O Alcorão é o guia de todo muçulmano, orientando-o em relação aos preceitos espirituais bem como ditando normas para sua vida, seja nos aspectos sociais, econômicos ou políticos. Os pontos que constituem o núcleo da doutrina islâmica são: o monoteísmo e a revelação por intermédio de Maomé e o não reconhecimento da Trindade do cristianismo, que segundo a crença, é uma quebra do monoteísmo puro.
Por ordem de Deus Altíssimo, no ano de 622, Mohammad e seu grupo de seguidores emigraram para Medina.
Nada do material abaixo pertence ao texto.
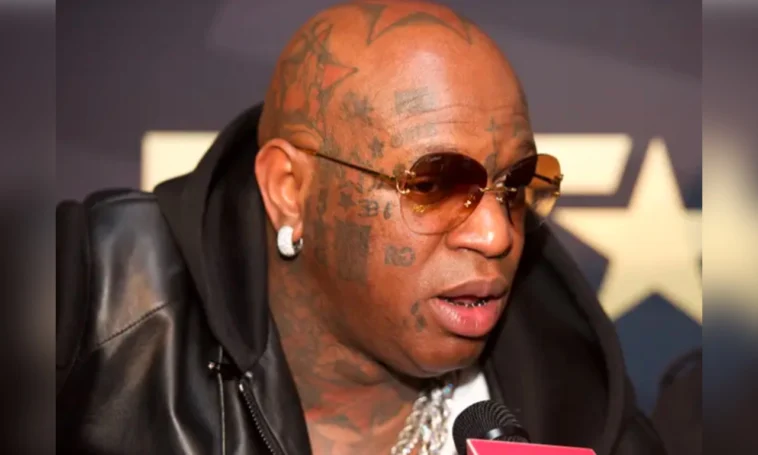 Birdman Speaks to New Orleans Inmates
Esse evento ficou conhecido na história como hégira (fuga). Mohammad lutava para obter o controle da cidade de Meca, com acesso à relíquia sagrada da Caaba. A relíquia sagrada é a pedra negra, que conforme a crença, quando desceu do paraíso era branca, mas os pecados dos filhos de Adão a tornaram negra. Na mesquita, na cidade de Meca, na Arábia Saudita, há no meio do templo, um cubo feito de granito preto, a casa sagrada de Deus.
No Alcorão são mencionados profetas, entre eles Adão, Noé, Abraão, Moisés, David, Salomão, Jesus, além do profeta Mohammad. No total, segundo a crença, foram enviados 124 mil profetas à Terra. A cisma no mundo islâmico começou na época de Ali. Desde a morte de Maomé, seus seguidores acreditavam que Ali, por ser o parente mais próximo do profeta, era o sucessor natural. O partido de Ali, ou Shiat Ali, formou a base para o ramo do islã que hoje é conhecido como Shia. Assim, a principal dissidência no islã não foi causada por uma divisão ideológica, mas por um desacordo sobre quem devia ser o líder. A facção xiita (Shiat Ali) acreditava que o líder devia ser um descendente direto do profeta, ao passo que a facção maior, a sunita, julgava que a liderança cabia ao indivíduo que de fato controlava o poder.
O islã, atualmente, não tem um califa como líder. Um dos fundamentos da religião islâmica é crer nos anjos de Alah – há anjos para diversas funções. Maomé é apenas um intermediário, pois a verdadeira revelação ocorre no próprio Corão. As obrigações religiosas dos muçulmanos ou as ações práticas são: o credo, a oração, a caridade, o jejum, o bem, o dízimo, e a peregrinação a Meca. Os pilares da religião são: Deus é único e justo, a crença nos profetas e nos imames (líderes espirituais que difundem os ensinamentos e rituais), e a ressurreição. Tem cerca de 1,6 bilhão de adeptos no mundo. A Indonésia conta, sozinha, com mais de 130 milhões de muçulmanos. Com o conjunto do subcontinente indiano (Paquistão, Índia, Bangladesh), tem-se aí os dois blocos mais fortes de muçulmanos do mundo.
Os rituais
De início, a oração ritual era feita com o rosto voltado para Jerusalém, consoante o costume judaico. Também o jejum, de um dia por ano, o de Ashura (décimo dia do primeiro mês do ano lunar) também havia sido instituído de acordo com o costume judaico. Com a resistência do núcleo judeu de aderir aos costumes impostos por Mohammad, mudou-se a direção da oração, e os muçulmanos passaram a orar voltados para a Caaba de Meca. Além disso, o jejum de Ashura foi substituído pelo jejum do mês de ramadã.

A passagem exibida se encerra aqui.